=== ASSIGNMENT ===
Your task is to extract every entry that follows word for word while excluding the pictures.

________________________________________

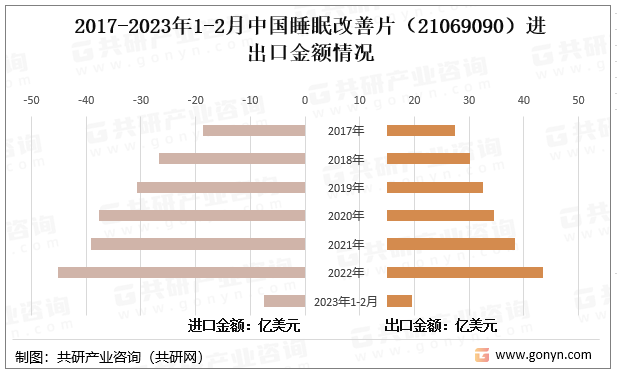 2017-2023年1-2月中国睡眠改善片（21069090）进出口金额情况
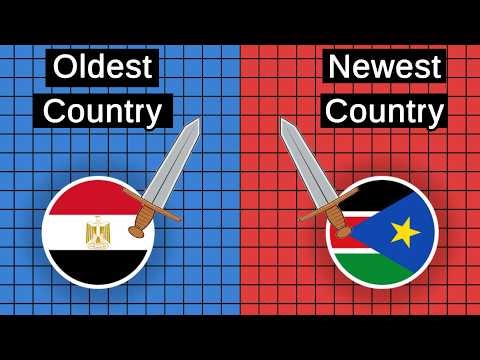 Countryball Territory War: Oldest vs Newest Countries | Who Can Clear the Map?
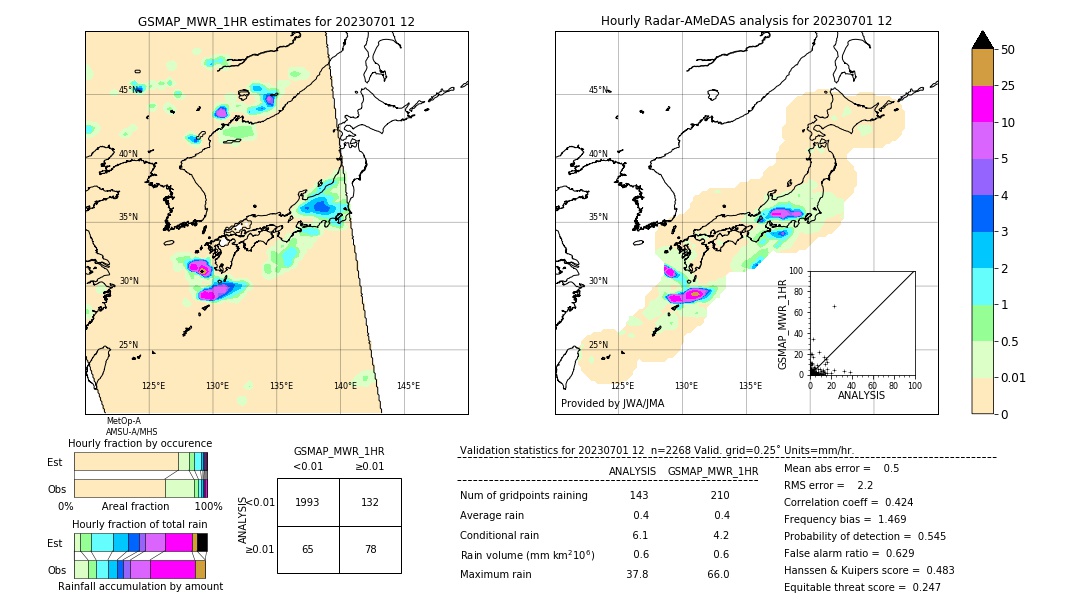 GSMaP MWR validation image. 2023/07/01 12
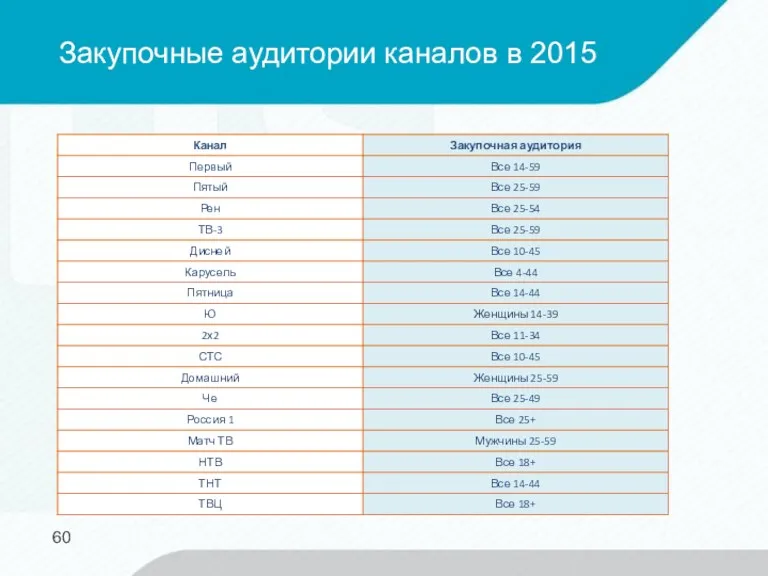 Закупочные аудитории каналов в 2015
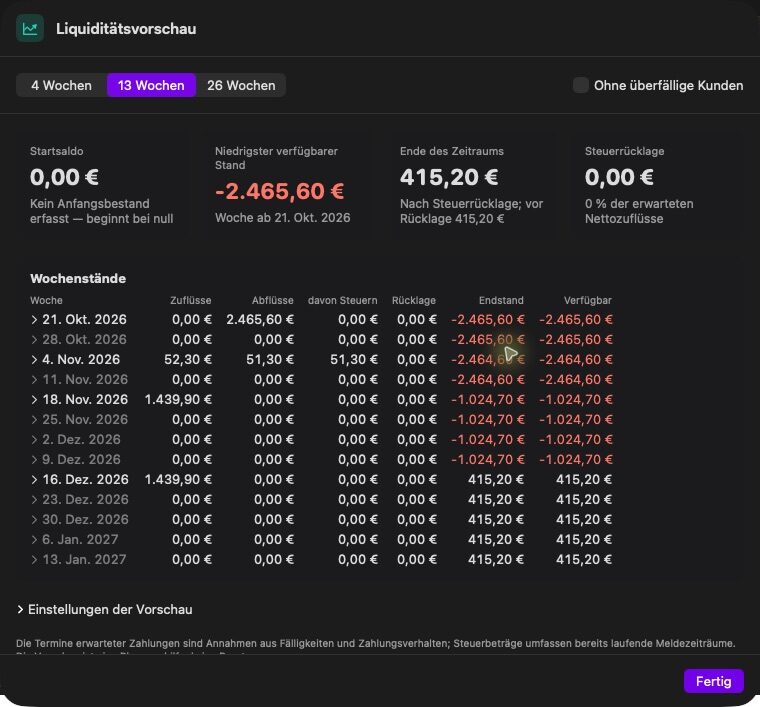 Cash flow forecast with a switch for 4, 13 and 26 weeks and a weekly table of inflows, outflows and balance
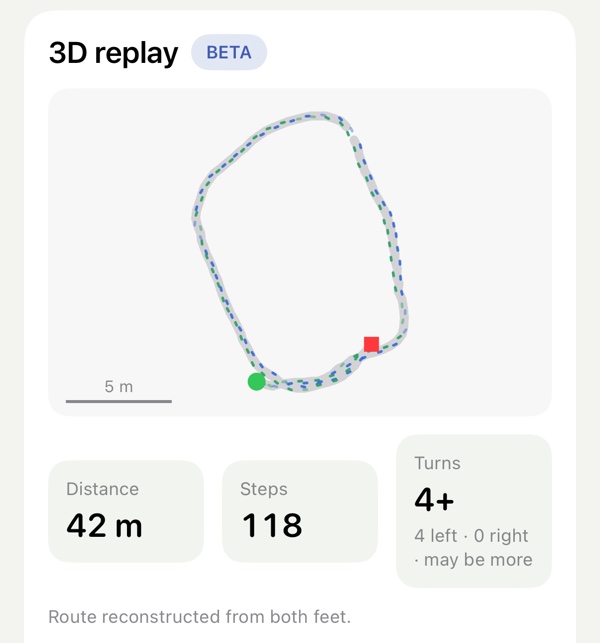 The app's 3D replay (beta) card for one walk: a map of the route drawn from both feet, with a 5 meter scale bar, and the walk's distance (42 meters), steps (118) and turns (at least 4).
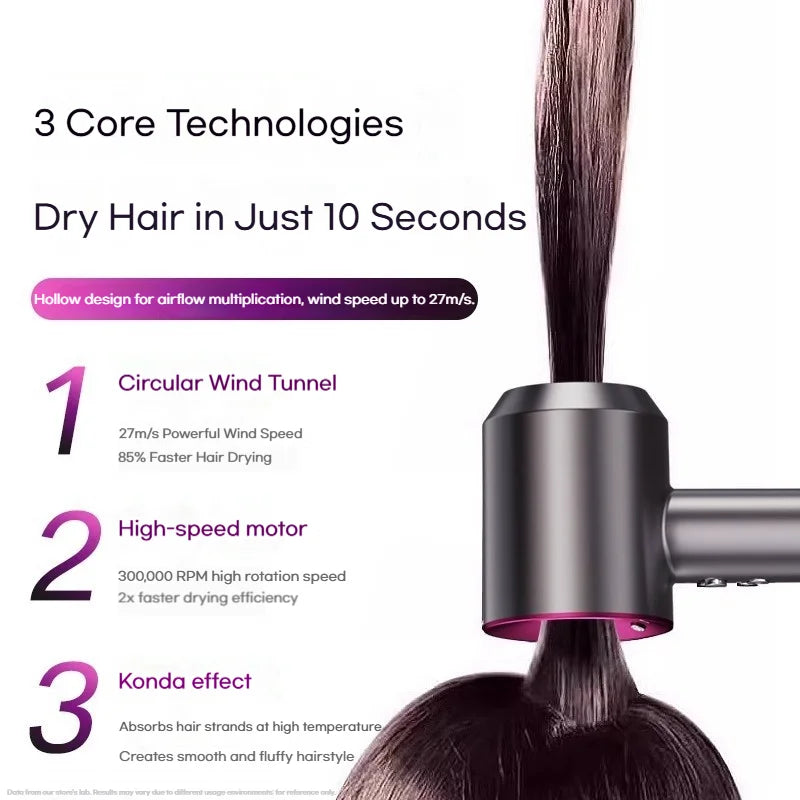 High-speed brushless motor, negative ion hair care, strong wind fast drying, low noise, multi-speed temp control.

________________________________________

=== ANSWER SPACE ===
 2017-2023年1-2月中国睡眠改善片（21069090）进出口金额情况
 Countryball Territory War: Oldest vs Newest Countries | Who Can Clear the Map?
 GSMaP MWR validation image. 2023/07/01 12
 Закупочные аудитории каналов в 2015
 Cash flow forecast with a switch for 4, 13 and 26 weeks and a weekly table of inflows, outflows and balance
 The app's 3D replay (beta) card for one walk: a map of the route drawn from both feet, with a 5 meter scale bar, and the walk's distance (42 meters), steps (118) and turns (at least 4).
 High-speed brushless motor, negative ion hair care, strong wind fast drying, low noise, multi-speed temp control.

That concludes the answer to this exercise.